AOGCC OKs CINGSA pressure increase
The Alaska Oil and Gas Conservation Commission has approved an increase in the maximum allowed pressure in the Cook Inlet Natural Gas Storage Alaska, or CINGSA, storage reservoir from 1,700 pounds per square inch to 2,200 pounds per square inch. The CINGSA facility provides gas storage services for Southcentral Alaska power and gas utilities, enabling the utilities to warehouse summer-produced gas to meet high winter gas demand.
CINGSA applied to the commission for an increase in the allowed pressure, following the discovery of a higher than expected pressure in the reservoir in the fall of 2013 and a determination that one of the facility’s wells had penetrated a previously unknown gas pocket in one of the underground sand bodies that form the reservoir.
CINGSA told the commission that, with the surprise gas pocket causing an unplanned 14.5 billion cubic feet of additional gas to flow through the facility’s reservoir, the storage facility could not meet its contracted storage obligations without increasing the reservoir pressure above the originally permitted maximum.

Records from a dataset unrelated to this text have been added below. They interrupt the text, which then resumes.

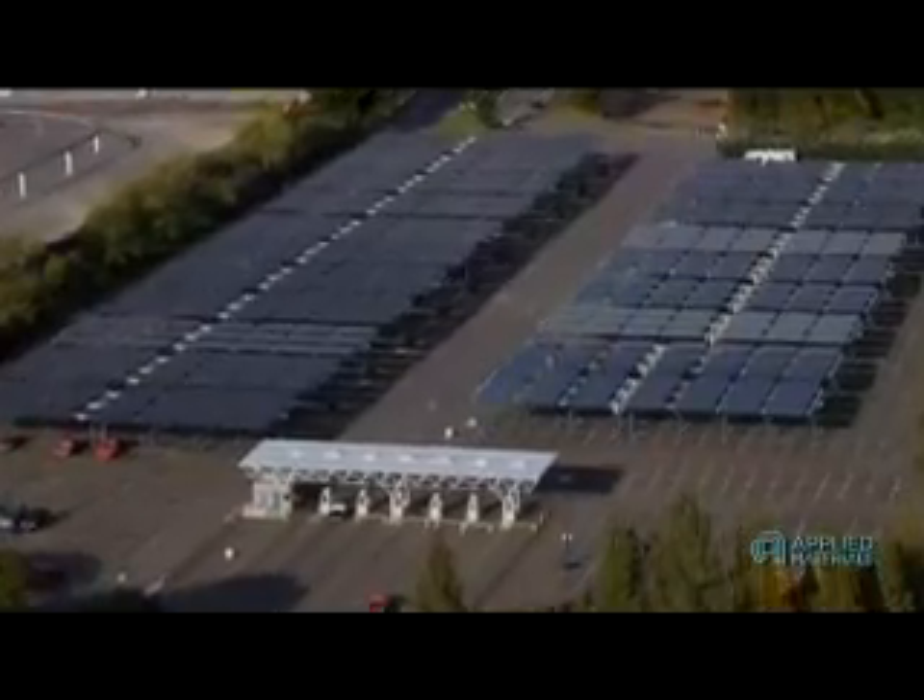We've shown you just a few examples of successful local PV thin film deployment. Across the country and across the world, there are many, many more.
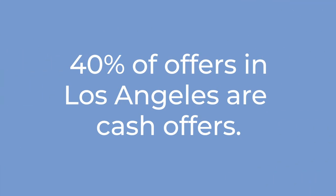40% of all offers in LA are all cash, which is a really wild number that people are always surprised to hear. So as you can imagine, if you're a buyer who's trying to purchase a property with a loan, it can be really tough to be competitive in that environment.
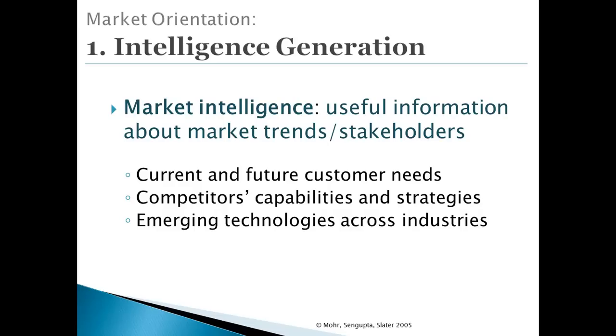Market intelligence also includes competitive intelligence about competitors' capabilities and strategies. This is very difficult because we need to know both direct and indirect competitors. With competitive volatility, competitors of the future may be in different markets, and due to technology convergence, they may become competitors in the future. For example, Amazon is going to be a competitor in cloud-based computing services — they're not just an e-tailer. Furthermore, market intelligence includes information about emerging technologies and trends in very different industries.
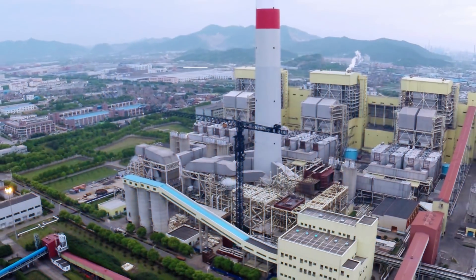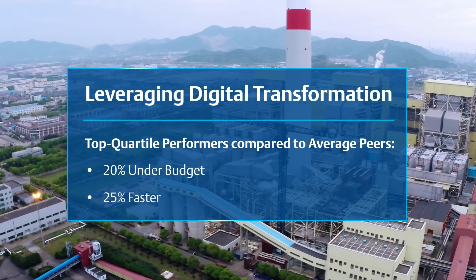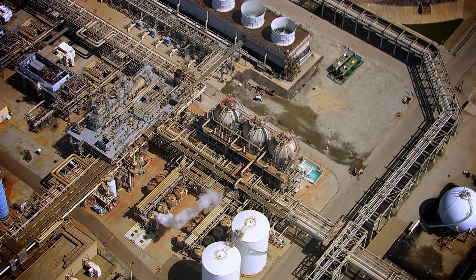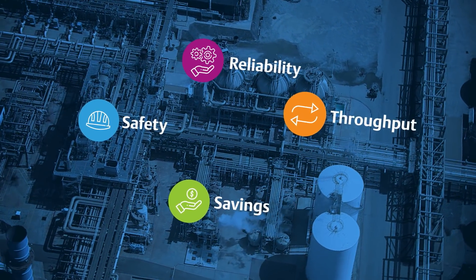Top quartile performers partnering with Emerson are leveraging digital transformation to plan, scope, and execute turnarounds that are significantly more manageable, and contributing to business objectives around safety, reliability, savings, and process throughput.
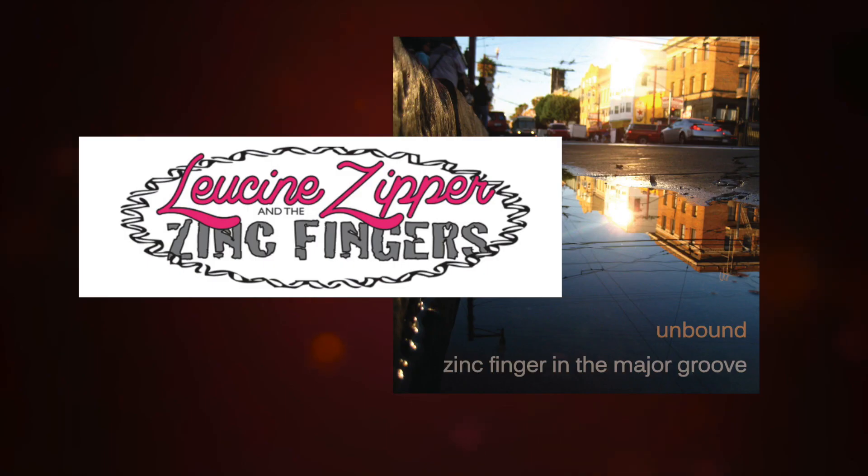Actually, I found two bands with zinc finger in their names, which confirms my hypothesis that every possible band name has now been used. Music is over.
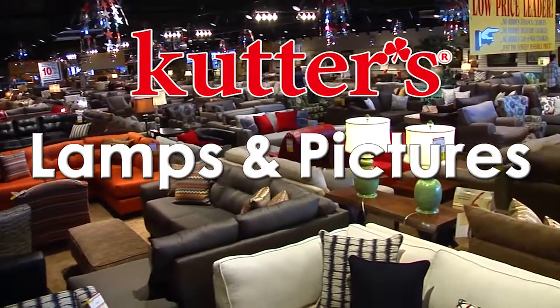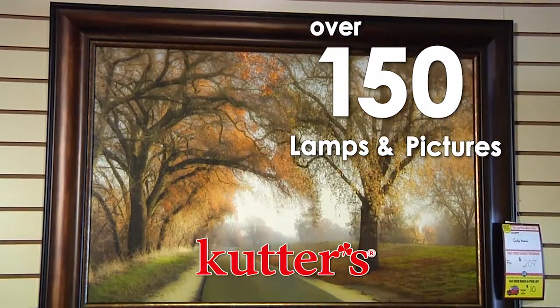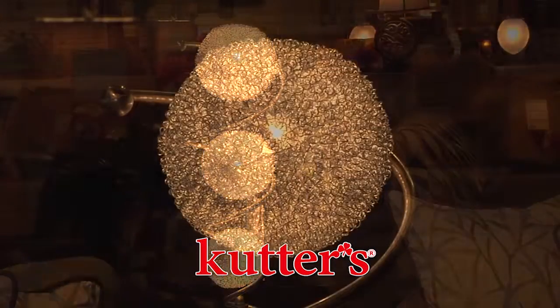When it comes time to put the finishing touches in your home, think Cutters Furniture. With over 150 pieces including framed artwork, oil paintings, mirrors, lamps, and floor lamps, you're sure to find that final accessory to finish out your room.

The facility uses reservoir sand bodies which originally formed part of the Cannery Loop gas field but which had become depleted of gas - the new permitted maximum pressure of 2,200 pounds per square inch approximately equals the reservoir pressure in the sands when the gas field was originally discovered. The new maximum would support CINGSA’s existing contracts while also allowing capacity for potential future expansion of the facility, CINGSA told the commission.
In an order issued on June 4 the commission accepted CINGSA’s request and explanation, and authorized the revised maximum pressure.